SUPPLIED DATA:
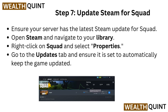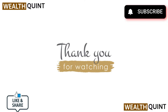Step 7: Update Steam for Squad. Ensure your server has the latest Steam update for Squad. Open Steam and navigate to your library. Right-click on Squad and select properties. Go to the updates tab and ensure it is set to automatically keep the game updated.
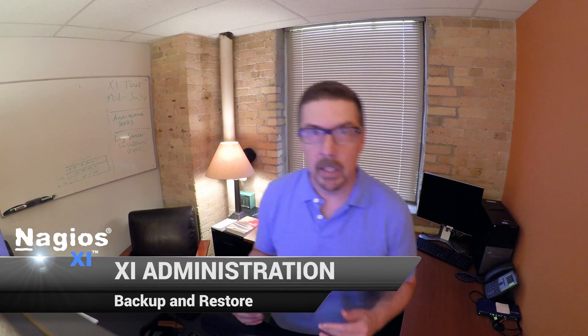Hey everybody, welcome to this video in the Nagios XI administration series. We're going to cover the super important topics of backup and recovery.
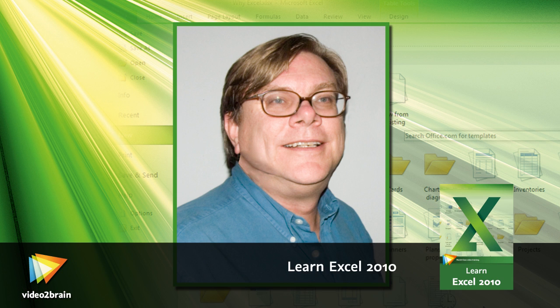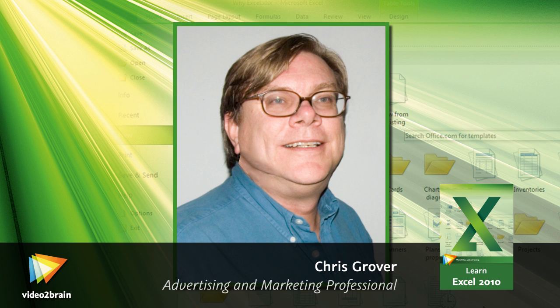Hi, I'm Chris Grover, author of several books on Microsoft Office and a longtime spreadsheet developer.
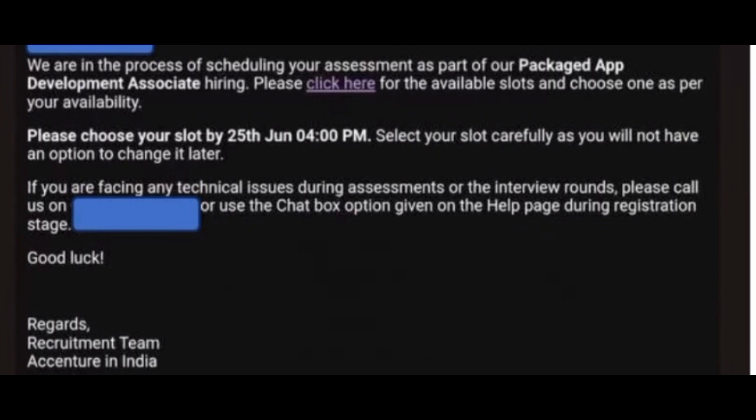This is an important instruction for each candidate who received the mail. Before 25th June 4 PM, you have to select the slot in which you will be available to give your exam. Select your slot carefully as there will be no option to change it later. Accenture has clearly mentioned that once you select your slot for the exam, changes will not be possible.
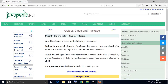Visibility principle allows child class loader to access all the classes loaded by parent class loader, while parent class loader cannot see classes loaded by its child. Uniqueness principle allows to load a class exactly once.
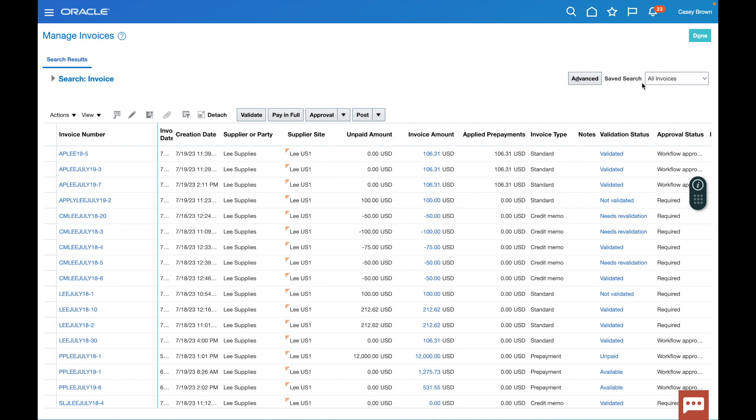That's how we create a prepayment invoice. We validate it, we approve it, we pay it. We then create a standard invoice, we validate it, we approve it, we apply the payment from the prepayment, and then we validate it, and we're done. That's it. Thank you for watching.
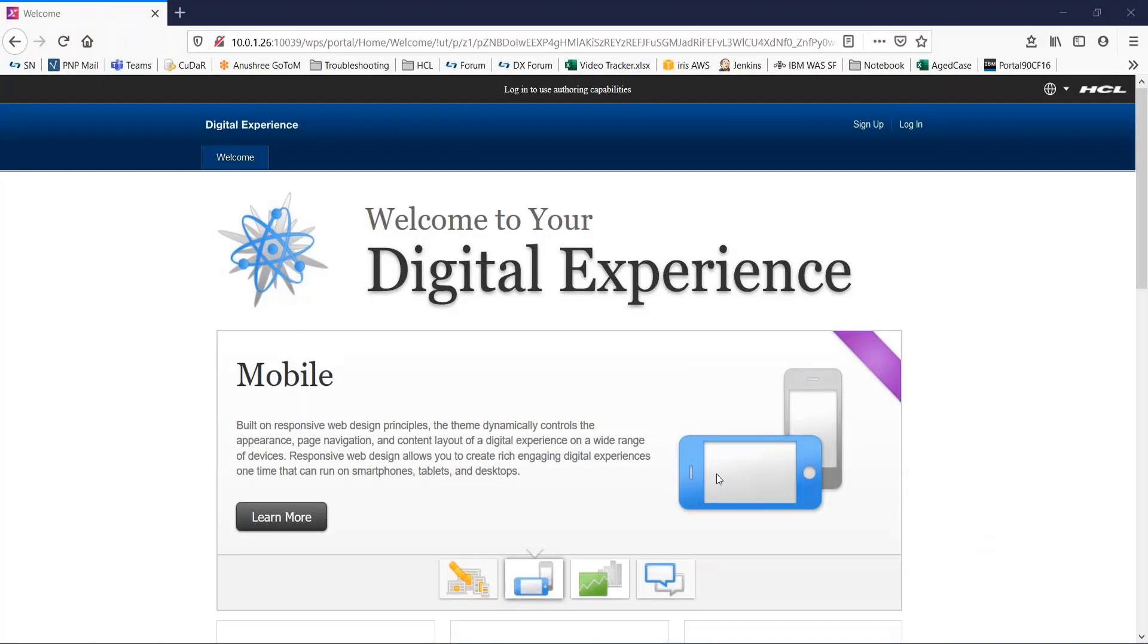Hi everyone, I'm Anushree from HCA Legitive Experience Portal Team and in this video, we will see how to create a WCM library and how to add it to a WCM authoring portal.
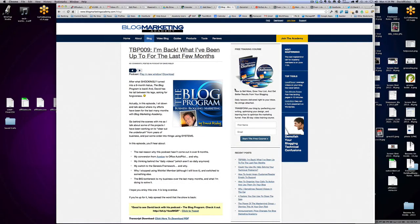Hi there, David Risley here with Blog Marketing Academy. I want to quickly talk about how to not display full posts on your blog's home page. A lot of bloggers do this mainly because they don't really know how to do anything else. A lot of the free themes out there will typically display full posts on the home page.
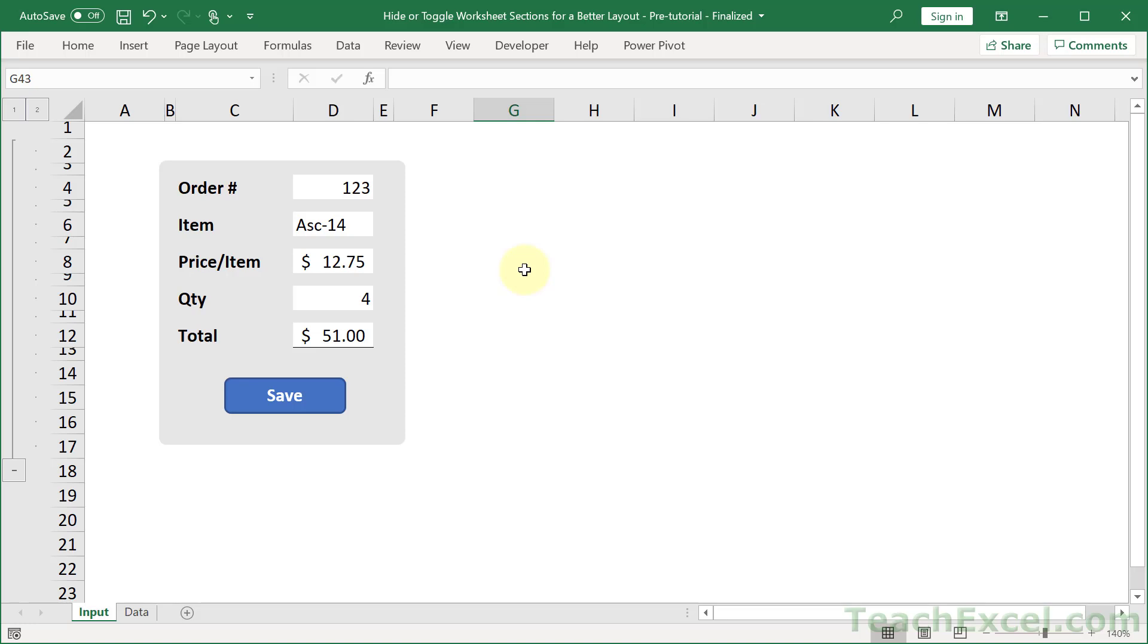Here I'm going to show you how to toggle sections of a worksheet on or off. Basically how to hide them or show them again without any VBA or code. And it's going to work like this.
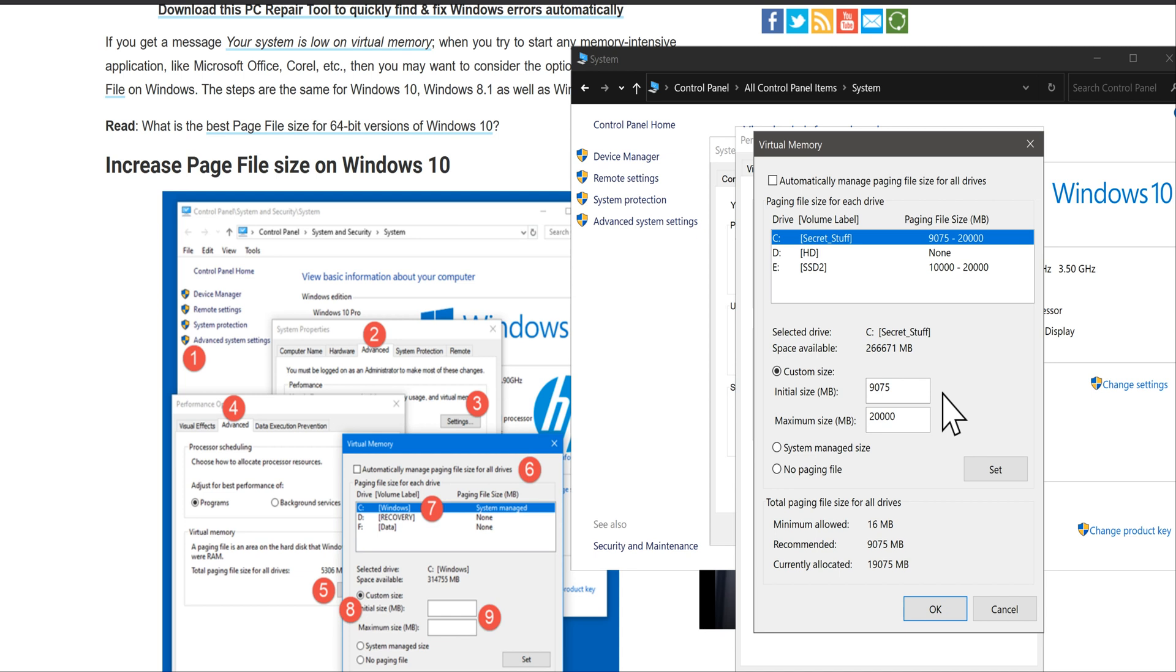There are other articles on Google on page file sizing. I would suggest you Google that and learn more about your Windows 10 computer—how you can tweak it, how you can make it faster.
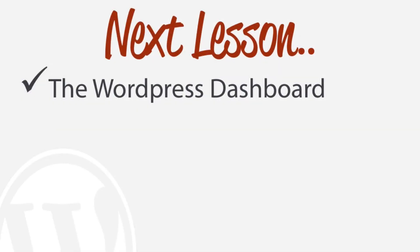In the next lesson, we're actually going to be looking at how to access our backend of WordPress and how to actually work with our dashboard.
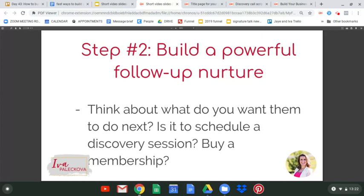Is it a discovery session you want them to do? Is it for them to buy a membership in your online program, or buy your course, or show up to your media? You want to build a powerful nurture where you're offering a lot of value but also making your offer consistently until they take the action. That's step number two.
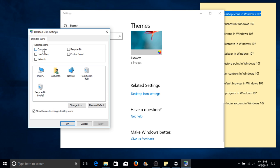Here we can select the desktop icons that we want to appear. Personally, I like computer, user files, network, recycle bin, and control panel.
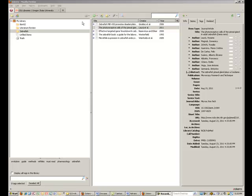This screencast will cover how to add additional citation styles to the basic 16 styles that come preloaded with Zotero. Many times disciplines or journals have citation styles that differ from the most commonly used citation styles that are initially installed with Zotero.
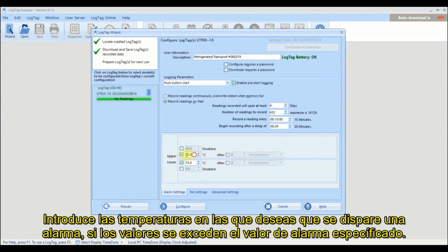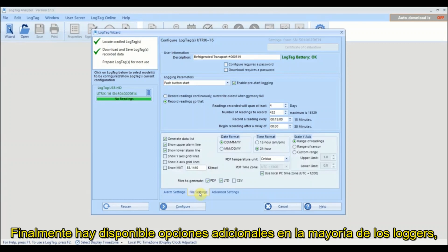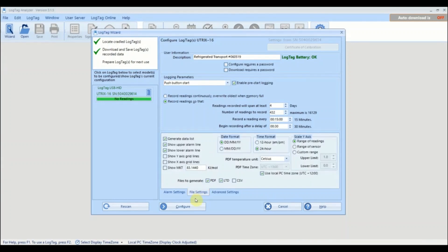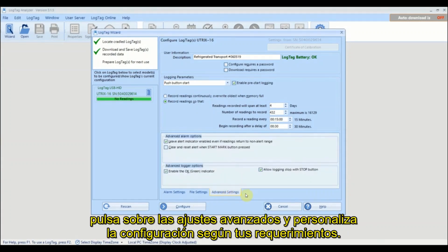Enter the temperature values that will trigger an alarm if readings exceed the specified alarm temperatures. Finally, there are additional options available on most loggers by clicking on a tab and customizing the settings to meet your requirements.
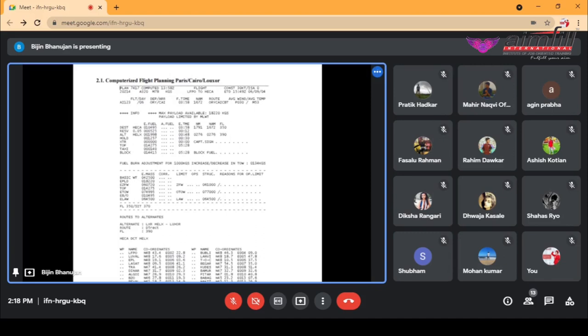Then we have the average wind speed and the average temperature — this will be common in all flight plans. Next, we'll have information regarding max payload available, which is 18,220 kgs. And there is another piece of information right below that: payload limited by maximum landing weight.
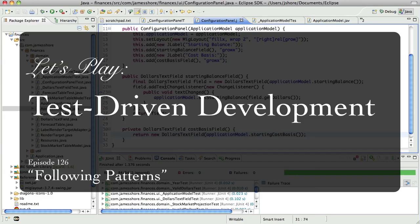Hello everyone, this is James Shore with another test-driven development video.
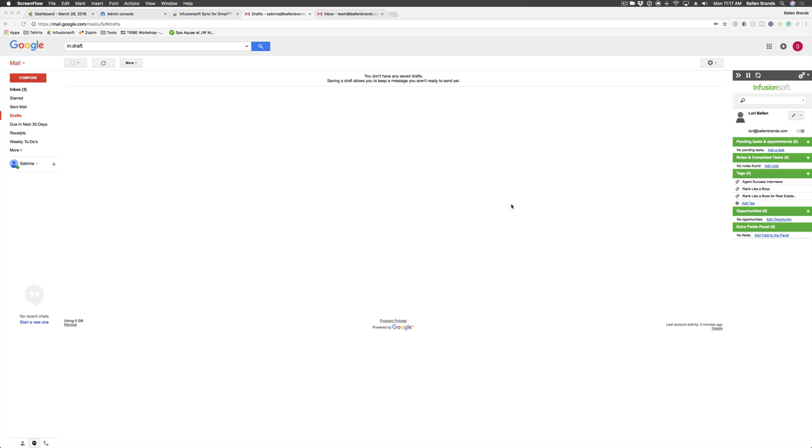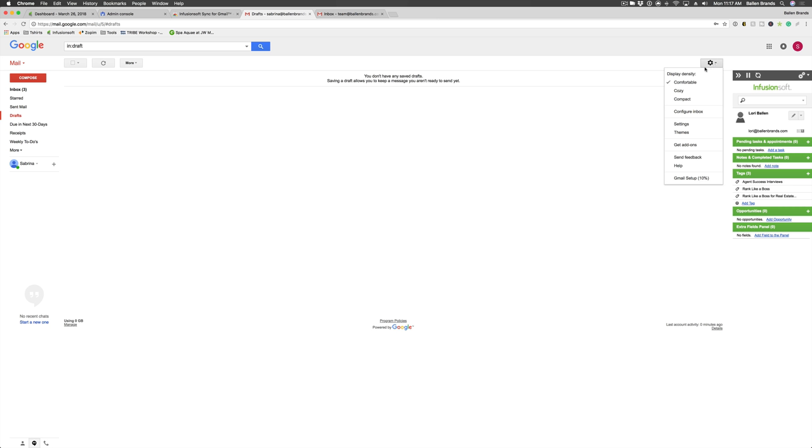Once you're logged into your Gmail account, you're going to go to the little gear in the upper right corner, and you're going to go into your settings.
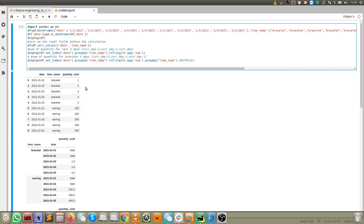In this video I'm going to show you how to calculate the rolling sum and rolling mean, as well as how to shift it after the calculation.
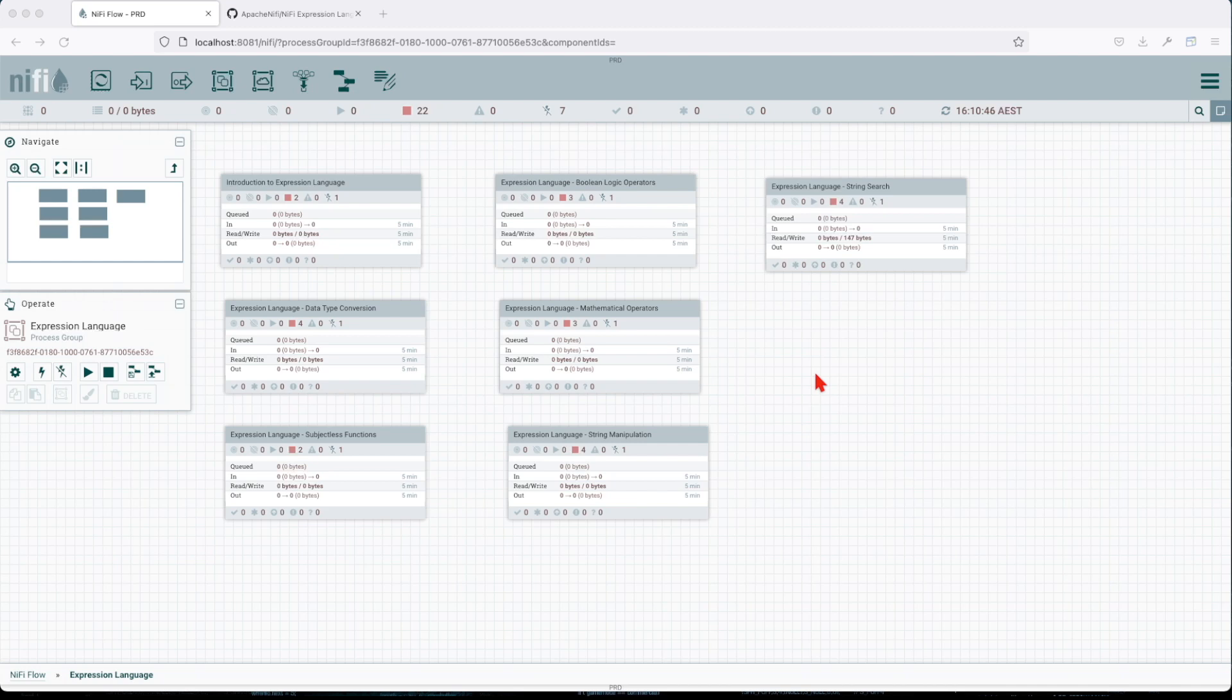Welcome back guys. In this video we're going to cover NiFi expression language functions that will allow us to encode and decode.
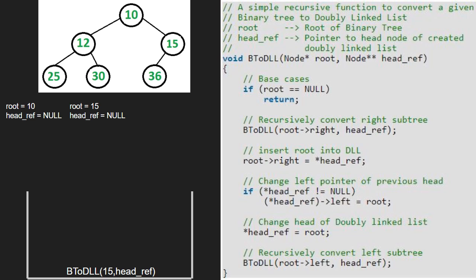We resume execution for node 15 and now insert root into the doubly linked list. So 15's right will point to headref, which is null. As headref is null, we make headref point to root. So headref will point to 15.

AIM OF THE TASK:
In the records above, find the line with "Here I'm going" and the line with "In the next", then restate word for word only those two lines and all lines between, omitting pictures.

TASK RESULT:
Here I'm going to show you how to toggle sections of a worksheet on or off. Basically how to hide them or show them again without any VBA or code. And it's going to work like this.
There are other articles on Google on page file sizing. I would suggest you Google that and learn more about your Windows 10 computer—how you can tweak it, how you can make it faster.
In the next lesson, we're actually going to be looking at how to access our backend of WordPress and how to actually work with our dashboard.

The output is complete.